Иллюзия осмысленности прошлого как стигма исторического жанра

Исторический текст как жанр опирается на строго отобранные источники. Автор текста оговаривает свои предположения, выстраивает аргументы. Где-то оставляет возможность выбора: могло быть так, а могло быть так. Где же здесь вымысел? Домысел читателя (а до него и авторское воображение) здесь заполняет громадное пространство смыслов, достраиваемых по необходимости для того, чтобы понять мотивы поступков людей и групп людей, детали быта и непроговариваемые социальные смыслы, ценности и цели.

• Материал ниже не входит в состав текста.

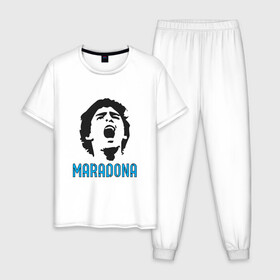 Мужская пижама хлопок с принтом Maradona Scream в Новосибирске, 100% хлопок | брюки и футболка прямого кроя, без карманов, на брюках мягкая резинка на поясе и по низу штанин
 | argentina | maradona | messi | sport | аргентина | гол | диего | марадона | месси | мяч | рука бога | спорт | футбол | чемпион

Понимание текста включает в себя:

1) поиск более или менее адекватных референций для отдельных специфических словесных знаков;

2) позиционирование пространственно-временное;

3) позиционирование ролевое, как вариант - отождествление себя с героем,

3) и одновременно осознание себя вне описания исторического события;

4) точнее говоря: за рамками его, но все же в зоне действия отдаленных следствий исторического события.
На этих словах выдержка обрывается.